Título: Gasto com pessoal perto de R$ 200 bi
Autor:
Fonte: Valor Econômico, 02/09/2010, Brasil, p. A2
A proposta orçamentária para 2011, encaminhada terça-feira pelo governo ao Congresso Nacional, apresenta um número impressionante. As despesas da União com pessoal e encargos sociais no próximo ano foi estimada em R$ 199,6 bilhões, se for computada a contribuição patronal da União para o Regime Próprio de Previdência dos Servidores Públicos Federais (RPPS). Sem essa contribuição, os gastos caem para R$ 184,4 bilhões.
Esses gastos se referem ao pessoal civil ativo e inativo, pensionistas e militares, representando um aumento de 11,1% em relação à projeção atual dessas despesas para o exercício de 2010. A mensagem do presidente Luiz Inácio Lula da Silva, que acompanha a proposta orçamentária, diz, textualmente, que "o total que se projeta para a despesa de pessoal da União equivale a 36,56% da receita corrente líquida prevista para 2011".
A administração pública federal tem por hábito comparar o gasto com pessoal e o Produto Interno Bruto (PIB). Se isso for feito, como mostra a tabela abaixo, nota-se que essa despesa, tanto com ou sem a contribuição patronal ao RPPS, ficou em torno de 5% do PIB. Com base nisso, os administradores divulgam que não houve aumento da despesa com pessoal. Argumento que também é utilizado pelos numerosos e influentes sindicatos de servidores públicos.

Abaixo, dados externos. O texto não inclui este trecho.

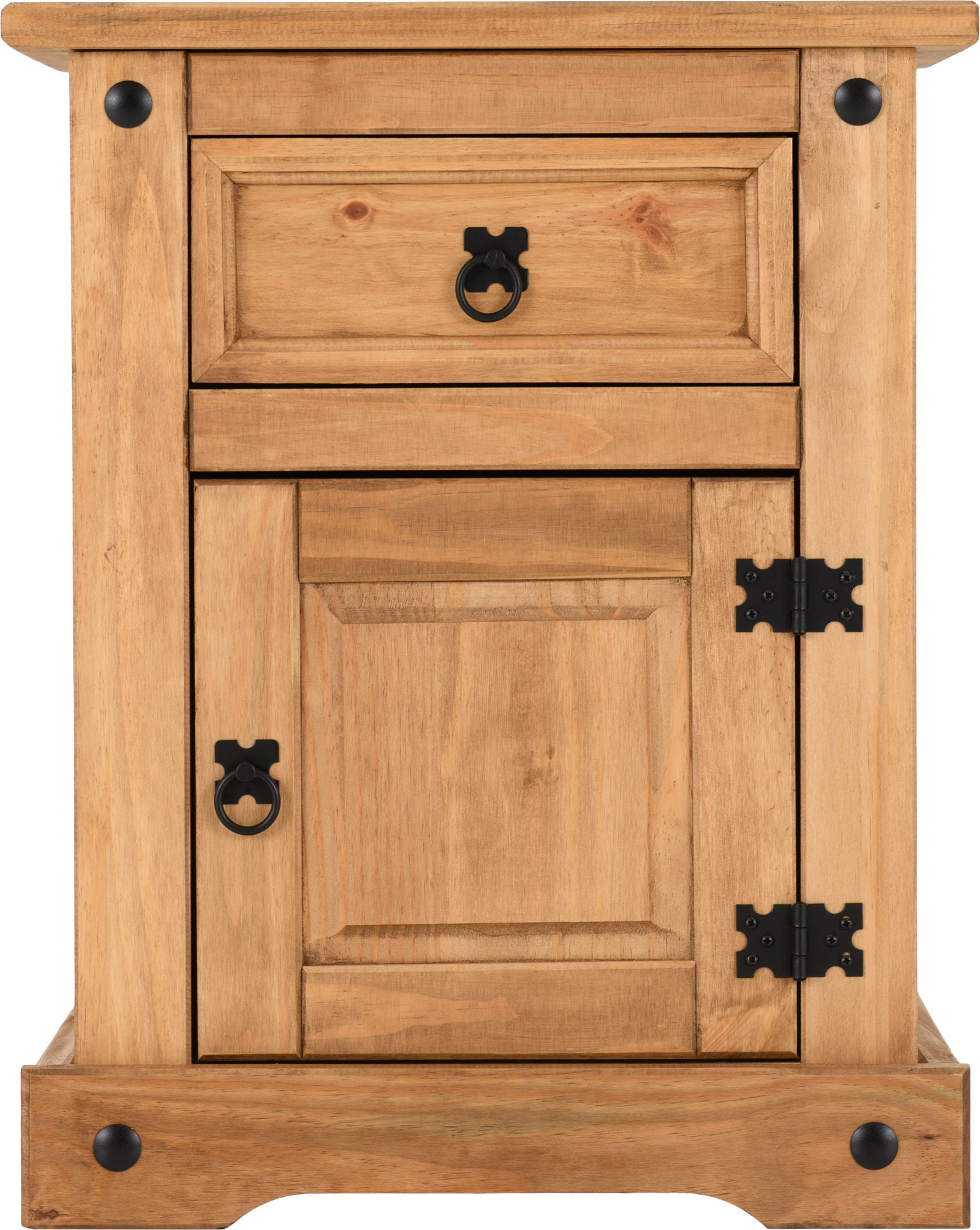 bed side cabinet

Quem faz esse tipo de exercício esquece-se que somente as despesas da União com a saúde podem ser corrigidas, por determinação constitucional, pela variação nominal do PIB. Nenhuma outra despesa conta com esse benefício. Além do mais, esse tipo de exercício dá uma falsa impressão de que o gasto não aumentou. No caso da despesa com pessoal, ela aumentou e muito nos últimos anos.
Em 2002, as despesas da União com pessoal e encargos sociais ficaram em R$ 75 bilhões, com a contribuição patronal, ou em R$ 72,9 bilhões, sem a contribuição. Em 2009, os gastos foram de R$ 167,1 bilhões com a contribuição e de R$ 155,8 bilhões sem a contribuição, de acordo com a Secretaria de Orçamento Federal (SOF), do Ministério do Planejamento. No período de 2002 a 2009, houve um aumento nominal de 122,8% nas despesas com pessoal (com a contribuição patronal) ou de 113,7% (sem a contribuição).

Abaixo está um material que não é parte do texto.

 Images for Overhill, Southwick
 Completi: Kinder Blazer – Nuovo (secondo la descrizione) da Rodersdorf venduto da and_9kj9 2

De 2003 a 2009, a inflação medida pelo IPCA foi de 47,94%. Isto significa que houve uma elevação real dos gastos com pessoal (com contribuição) de 50,6% ou de 44,5% (sem a contribuição). Poucas despesas terão aumentado tanto, em termos reais, durante o governo Lula, quanto os gastos com pessoal. Dizer que essa despesa não cresceu pois se manteve na mesma proporção do PIB não expressa a realidade dos números, embora possa fazer sentido aos técnicos quando discutem os valores globais do Orçamento da União.
A razão para este gasto não ter aumentado em proporção ao PIB foi porque a economia brasileira cresceu bastante no governo Lula. A variação nominal acumulada do PIB entre 2003 e 2009 foi de 112,68%. Em termos reais, o PIB cresceu 27,67% no período considerado.
É bem verdade que o aumento real da despesa com pessoal não decorreu apenas dos generosos reajustes salariais concedidos pelo governo. A mensagem do presidente Lula informa que no período de 2003 a 2009, foram autorizadas 176.120 vagas para preenchimento por concurso público, que se reverteram no ingresso de 118.933 novos servidores, resultando em um aumento efetivo da força de trabalho de 67.152 indivíduos.
Só nos dois primeiros meses de 2010 ingressaram no serviço público 7.796 novos servidores. O presidente Lula informa ainda que em 2011 prosseguirá "o esforço para substituição integral do quadro de terceirizados irregulares, bem como a política de fortalecimento e de redefinição qualitativa do perfil do quadro de pessoal, além da expansão da capacidade dos órgãos e das entidades de setores estratégicos nas diversas áreas de atuação da administração pública federal". Nesse sentido, para 2011 está previsto o provimento de 21.988 cargos, sendo que, desse total, 12.651 serão alocados para substituição de terceirizados.
Todo esse aumento do número de servidores e da despesa com o pagamento de salários, aposentadorias e pensões não resultou em melhoria significativa dos serviços públicos oferecidos aos cidadãos, nas áreas de educação, segurança e saúde.
O contribuinte não é bem informado, portanto, quando se diz que o gasto com pessoal do governo federal está estável. É indispensável que, no futuro, a discussão sobre este tema seja feita em termos de aumento real da despesa com pessoal e que os sindicalistas parem de perseguir o crescimento do PIB.